I understood, even the worst Otus copy to be better than the best Canon 50/1.8 STM, no problem with that. But given most if not all manufacturers use the MTF method for testing, I expected the "best" lens not necessarily best manufactured, but tested the hardest way and with tightest tolerances.
Most of them don't.  The best of them have a pseudo-imatest like setup that is much faster but has lower resolution limit.  It's economical to test each lens when it takes 15 seconds.  Testing an Otus on the ImageMaster takes about 25 minutes, though that could be reduced if you used 3 field points instead of 10 per side and eliminated the focus confirmation between rotations.  TriOptics does make some mfg line MTF equipment that provides souces and microscopes for different field points simultaneously, but they are prohibitively expensive to be used on anything as cheap as a consumer product. 

 

Here are some charts:

 

[sharedmedia=gallery:images:1343]
 

[sharedmedia=gallery:images:1344]
 

Complexity is a bullshit weighted composite of groups, autofocus method (i.e number of cams), IS, tilt-shift, aperture, number of aspheres, and a focal length componenet.  There is a trend but I don't know how meaningful it is. 

 

thxbb12,

 

Micro four thirds lenses use an electromagnetic "always on" focus method so the focus group is loose when disconnected from the camera.  If you shake most of the lenses you can hear the focusing elements slapping around inside.  We need an electronic adapter to test them, which is a project we're working on but more aggressively with sony E mount.  We're just waiting for parts now. 

 

JoJu,

 

I never found a failure copy of the STM, which is a godsend since it is nonadjustable and lensrentals owns exactly 10 of them.  The otus I found one failure copy of, but it had rented something like 36 weeks which is a very high amount and had probably been dropped a bunch. 

 

LensRentals has 40-50 copies of the Otus between EF/F mount.  More expensive lenses are kept in higher stock than less expensive ones because they rent more.  There is a sweet spot around $2000 though.  There's something like 700 copies of the canon and nikon 24-70s and 70-200s combined.

 

Klaus,

 

None of these are grossly decentered.  All are somewhat, but it is not terribly too bad.

 

edit: regarding how easy it is to get a bad copy, the primes are not so bad.  I rejected maybe 8 out of the 650 or so I've tested.  Of course they are pre-screened, but the daily volume of these lenses that comes into repair for optical adjustment is, well, "meh."  Far more come in for dust issues.  2-5% are DoA, depends on the manufacture.

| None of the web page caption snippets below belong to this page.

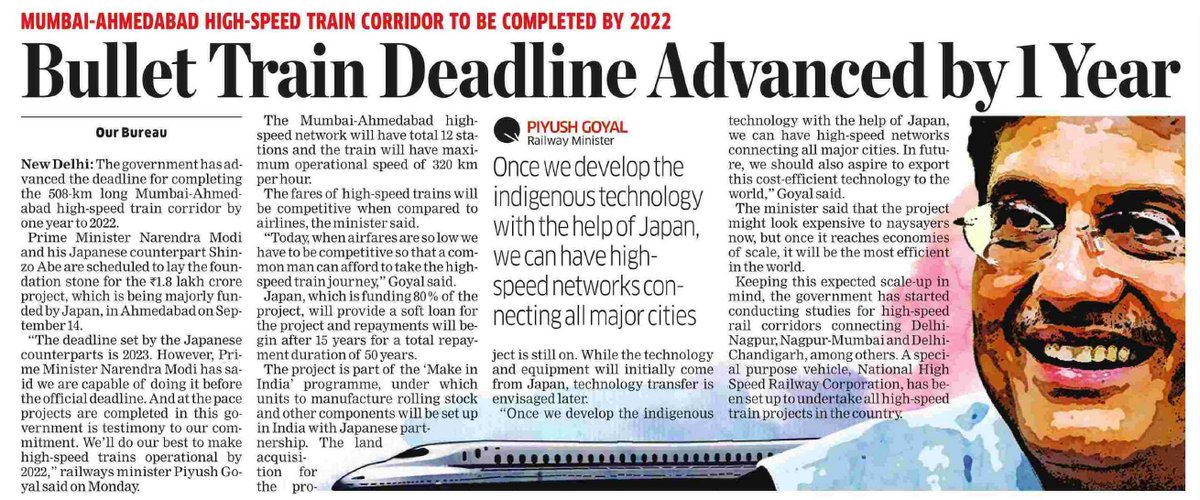 Bullet Speed, Skill & Scale: Mumbai–Ahmedabad High-Speed Train Corridor to be built by 2022, providing a faster & comfortable commute sooner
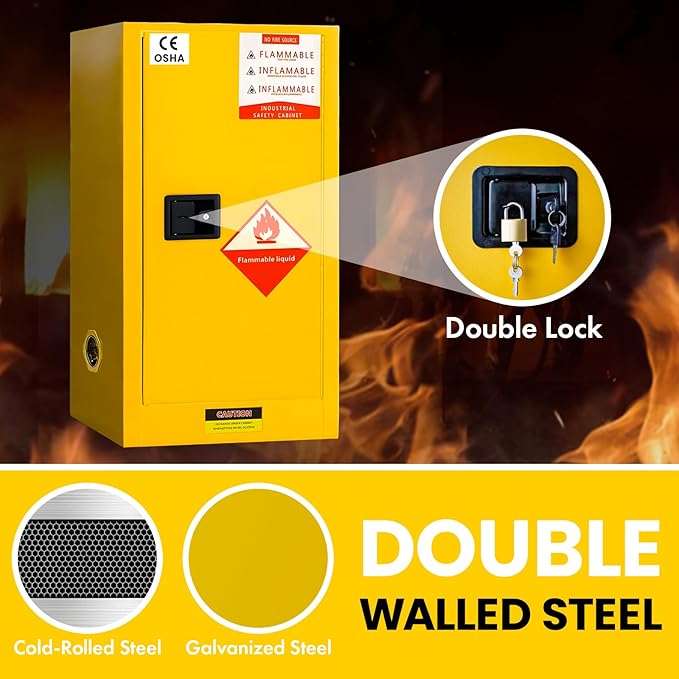 Flammable Storage Cabinet 34"x34"x65", 90 Gallon Chemical Safety Cabinet with Adjustable Shelf, Thickened Galvanized Steel Fireproof Cabinet for Flammable Liquids (21"x21"x35")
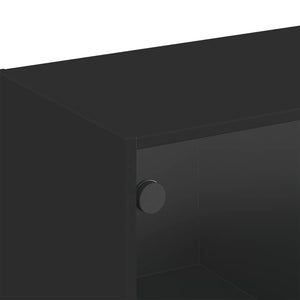 Ντουλάπι Τοίχου Μαύρο 102x37x35 εκ. με Γυάλινες Πόρτες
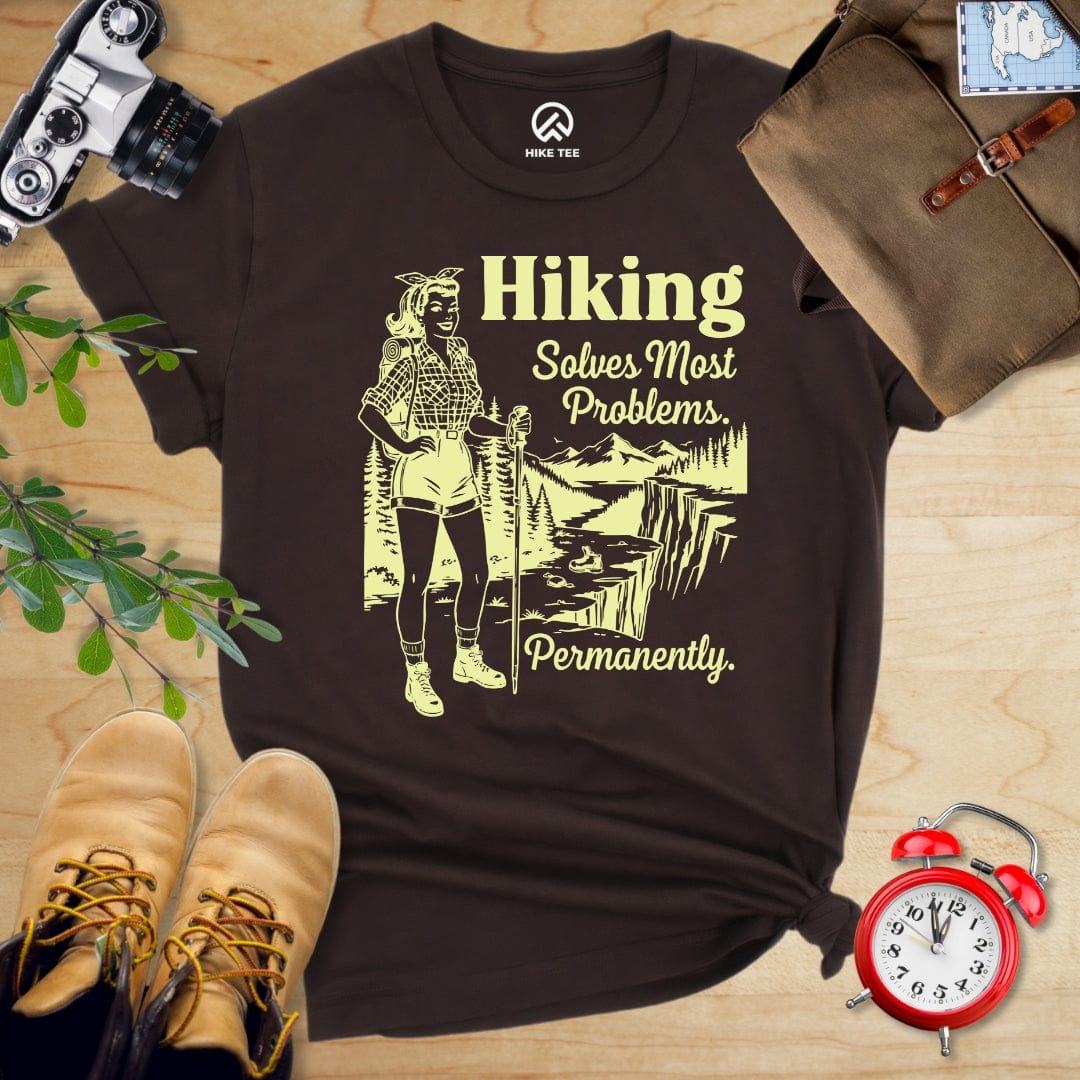 Hike Tee T-Shirt Brown / S Hiking Retro Shirt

I'm starting zooms now with supposedly one of the best and, well, I fear for the rest.  These are truly a shitshow. 

#23
Quote:In a nutshell: Samyang lenses are a lottery.

[Image: VarianceByEFL.png]
 I guess lotteries are all about the risk of winning nothing at all, for once the lottery came up trumps for me with the Samyang 8mm fisheye, I won  a good one, a perfect copy , one of the few lenses which didn't join the carousel of the postal system!

#24
Dave, how much would you bet you got a perfect copy of that fisheye?  I bet it has issues a camera sensor can't see! =) 


Seriously, I've measured 12 copies of the 14mm, 10 of the 24, 10 of the 35, 10 of the 50, and 10 of the 85 and I have not once seen a samyang without some problems.

#25
Quote:The slowest was the Zeiss 50/2 macro.
 

It is, of course, just a rule of the thumb.

If you limit this to the same manufacturer, it is "about right".

There are other factors than just speed as AirDiscus mentioned (e.g. age of the manufacturing line - thus the newer the better). 
#26
Quote:...

JoJu,

 

I never found a failure copy of the STM, which is a godsend since it is nonadjustable and lensrentals owns exactly 10 of them.  The otus I found one failure copy of, but it had rented something like 36 weeks which is a very high amount and had probably been dropped a bunch. 

 

LensRentals has 40-50 copies of the Otus between EF/F mount.  More expensive lenses are kept in higher stock than less expensive ones because they rent more.  There is a sweet spot around $2000 though.  There's something like 700 copies of the canon and nikon 24-70s and 70-200s combined.

...
 

So, there are correlations between rental time (=risk of damage increasing by different customers and their kind of use), design of the lens and number of samples? Of course, it's close to impossible to do this kind of mass-testing before all lenses went out for rentals because customers are waiting and the longer lensrentals keeps them waiting the more possible they try to get it elsewhere.

 

I don't want to talk this results down. But rented lenses have a harder live than the bought ones and I'm not talking about scratches. I know that lensrentals is checking each copy coming back from a customer, I don't know how far this check goes. And to be honest, I couldn't estimate it since i didn't study optics.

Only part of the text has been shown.